> SOURCE DATA
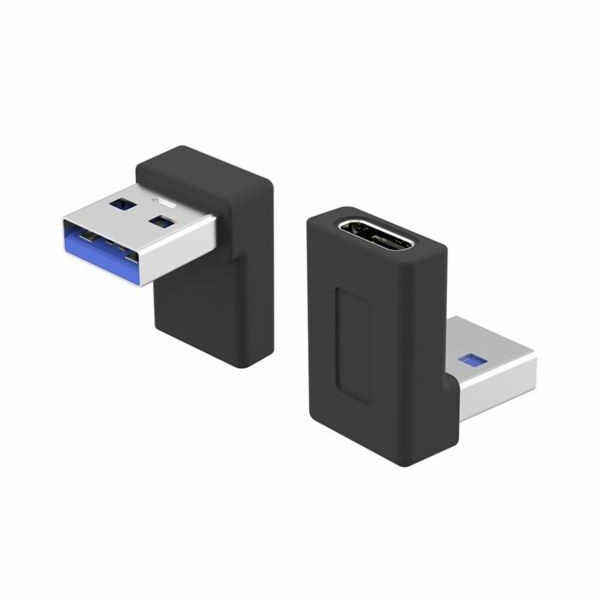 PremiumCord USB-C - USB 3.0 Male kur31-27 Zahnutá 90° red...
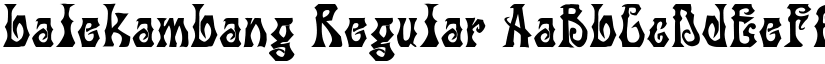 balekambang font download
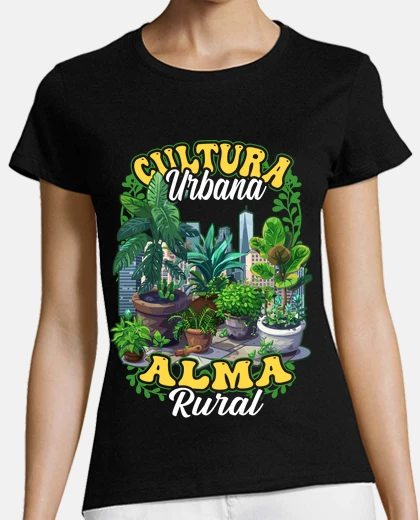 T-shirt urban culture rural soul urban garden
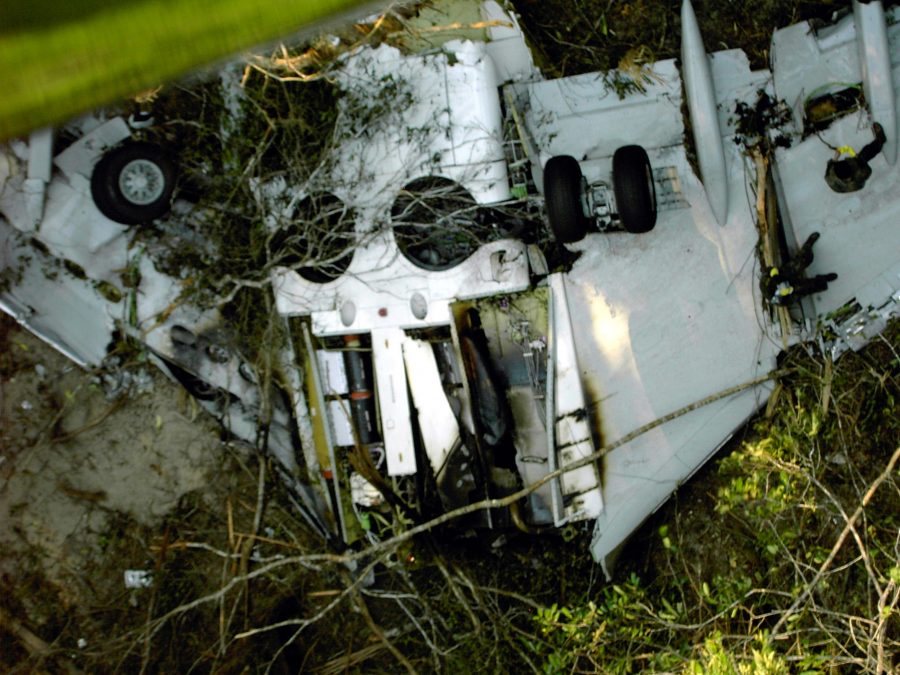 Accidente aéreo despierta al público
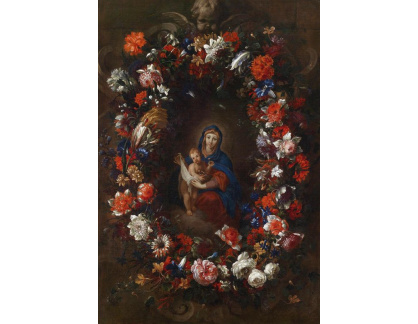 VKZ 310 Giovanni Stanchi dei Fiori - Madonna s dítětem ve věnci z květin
* * *
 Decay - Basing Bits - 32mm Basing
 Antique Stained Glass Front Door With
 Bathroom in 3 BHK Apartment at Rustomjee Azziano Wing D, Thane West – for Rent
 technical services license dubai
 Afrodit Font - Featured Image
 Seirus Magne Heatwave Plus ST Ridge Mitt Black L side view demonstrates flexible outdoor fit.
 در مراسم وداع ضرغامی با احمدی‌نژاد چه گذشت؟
==
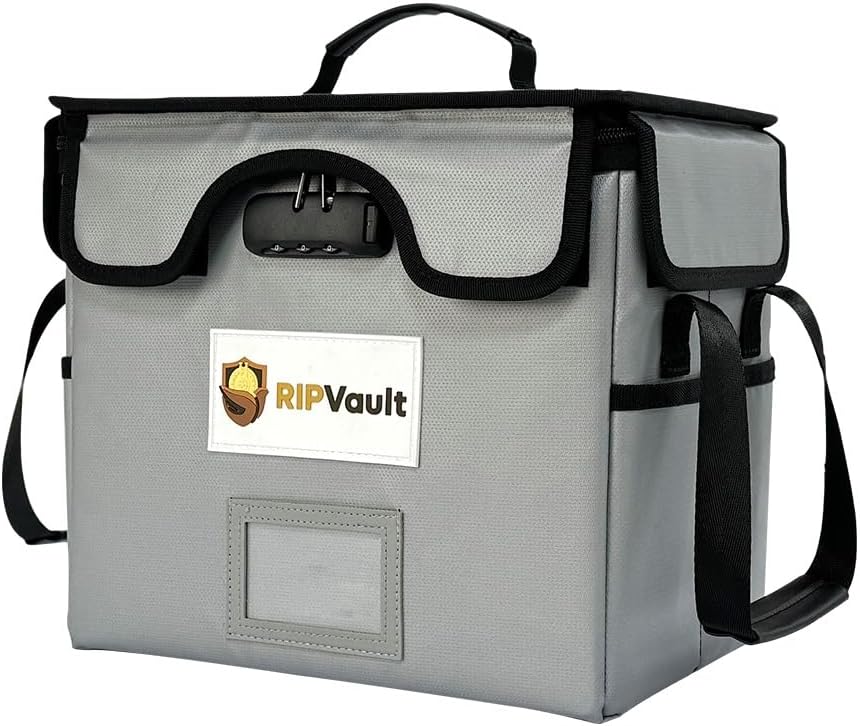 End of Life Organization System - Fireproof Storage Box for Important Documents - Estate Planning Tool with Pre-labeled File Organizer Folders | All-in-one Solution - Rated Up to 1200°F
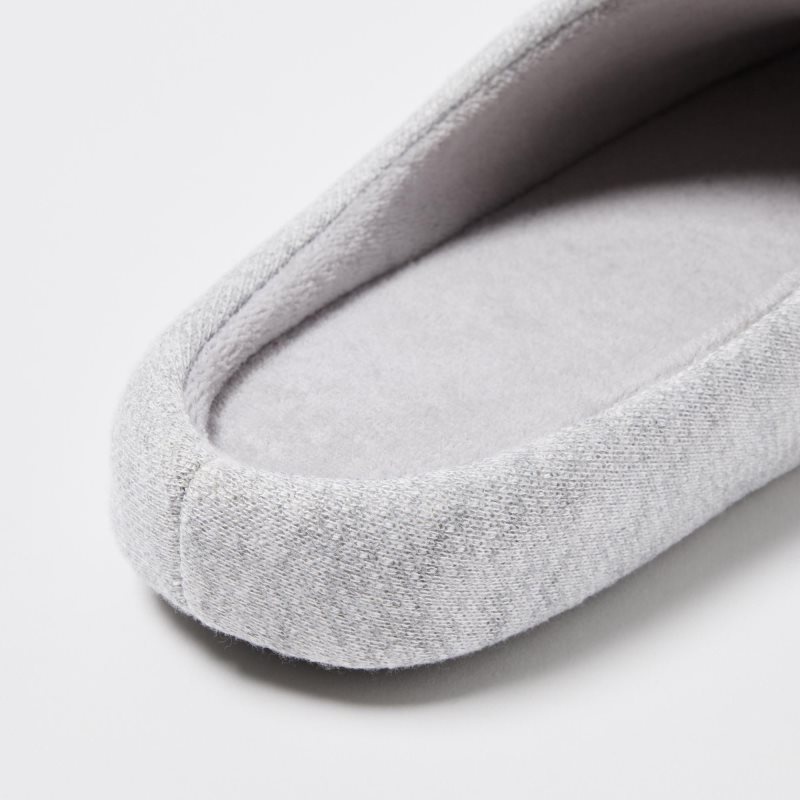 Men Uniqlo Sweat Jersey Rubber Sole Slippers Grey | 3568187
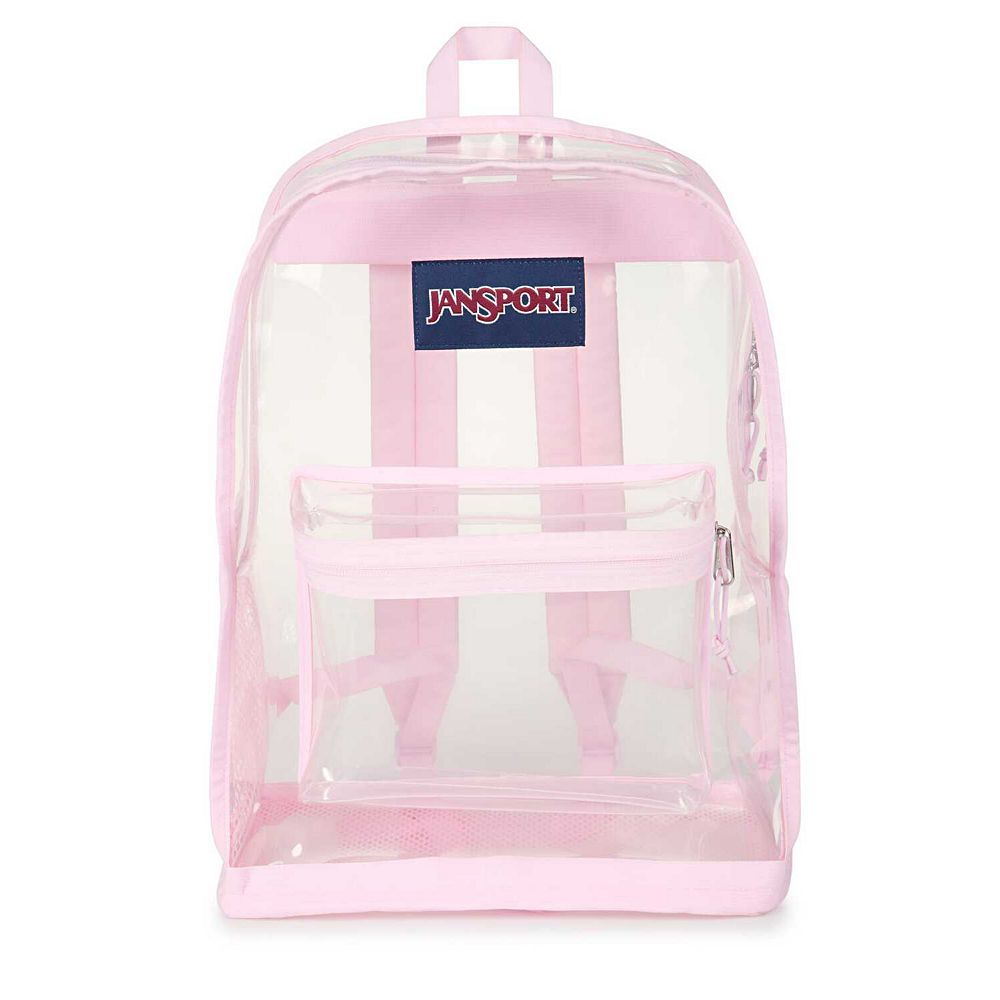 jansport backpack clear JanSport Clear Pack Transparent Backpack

> TASK INSTRUCTIONS
Please repeat the lines of the material above exactly, starting with the line that contains "PremiumCord USB-C - USB" and ending with the line that contains "VKZ 310 Giovanni". Leave the pictures out.

> WORKED SOLUTION
 PremiumCord USB-C - USB 3.0 Male kur31-27 Zahnutá 90° red...
 balekambang font download
 T-shirt urban culture rural soul urban garden
 Accidente aéreo despierta al público
 VKZ 310 Giovanni Stanchi dei Fiori - Madonna s dítětem ve věnci z květin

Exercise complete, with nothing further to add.